E probabile la chiave per la comprensione degli avvenimenti in Moldavia bisogna cercare nelle parole del ex-presidente del Soviet Supremo Lukianov che nell'estate dell'anno scorso ha dichiarato in modo non eguivoco: se la Moldavia non sarebbe firmato l'accordo sull'Unione - al posto di una repubblica avremmo due.
E per caso che riconosciuta da nessuno tranne il leader ceceno Dudaev cosi detta "la repubblica moldova di Transnistria (da poco e stato saltata la definizione sovietica socialista) calorosamente ha salutato i golpisti. Nello stesso tempo si aspettava a Kiscinev con speranza qualsiasi notizie del destino di Eltzin dell'ultima speranza della democrazia come sembrava in questi giorni di agosto?

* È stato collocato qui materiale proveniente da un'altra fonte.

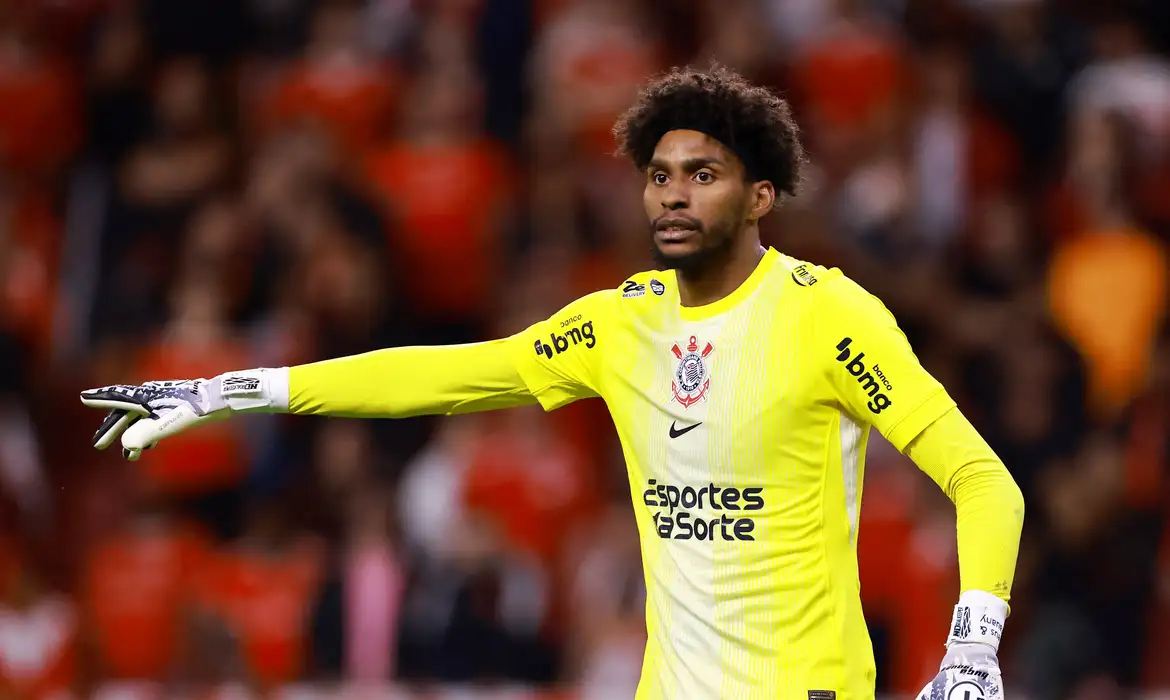 Hugo Souza é convocado para a Seleção Brasileira - Imagem do artigo original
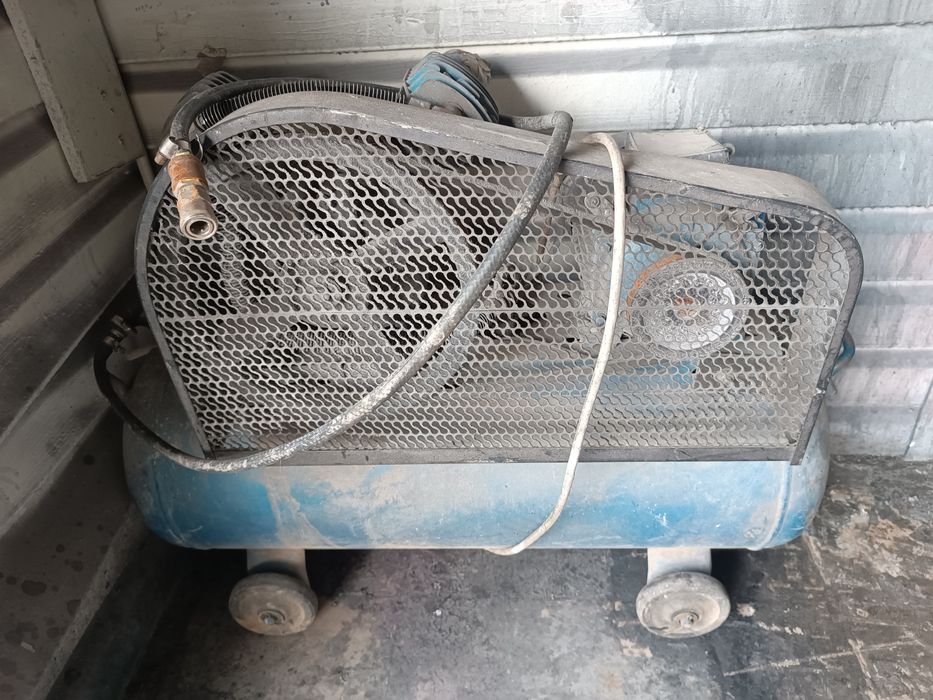 Компрессор рабочий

E allora la stessa logica ha portato in trincee la gente differente. Qui sono i rossi-marroni di ogni sfumatura partendo ai rossi da "Russia di lavoro" e finendo co i teppisti marroni dalla "Pamiat" ("Memoria") e dalla legione rusa nazionale ed i casaccki aspirati sa suoi atamani - ex-primi segretari communisti che sognano all rinascimento della " Russia unita e indivisibile" che non possono mettersi d'accordo solo in un punto sul ritorno dell'Aliaska o Finlandia. Stanno combattendo (invece si dice che sono stati richiamati ma chi puo controllarlo?) i fascisti ucraini dall"autodifesa nazionale ucraina. Per loro la Transnistria e una parte integrante dell'Ucraina che bisogna con la forza armata unita per la creazione dell'"Ucraina Grande". E meraviglioso come sono capitati insieme i monarchisti e bolscheviki, "chochly" e "kazapy", i nazionalisti ucraini e i russi da "Memoria". E una composta politica divertente. Divertente ma molto pericolosa. Pero gli avvenimenti recenti legati in prima linea con l'esercito
russo No.14 cambiano radicalmente le cose e portano il conflitto in Moldovia ad un livello nuovo. Dopo la prima conferenza stampa del nuovo comandante dell'esercito No.14 del generale maggiore Lebed (in paragone di cui il precedente era proprio Magatma Gandi) io ho avuto l'impressione piu forte che dopo aver visto dei monti dei cadavri e pietre. Il suo tono "di gergo" e minaccioso in che lui fatto la sua prima dichiarazione e altre corrispondeva al senso del detto: "La Transnistria e la parte integrante della Russia, il presidente di Moldavia e la sua amministrazione sono cricca dei fascisti, che bisogna mettere alla gogna; sulla confine tra la repubblica Moldova e la repubblica moldova di Transnistria si svolge il genocidio dei russi e l'esercito russo non intende di vederlo indifferente, che le trattative sono solo il mezzo per vincere il tempo da parte moldova. Tutto questo in generale diceva gia dopo il presidente della Russia ha dichiarato che l'esercito No.14 doveva ritirarsi dalla Moldavia dopo che E
ltzin e Snegur hanno avuto le trattative efficaci a Mosca.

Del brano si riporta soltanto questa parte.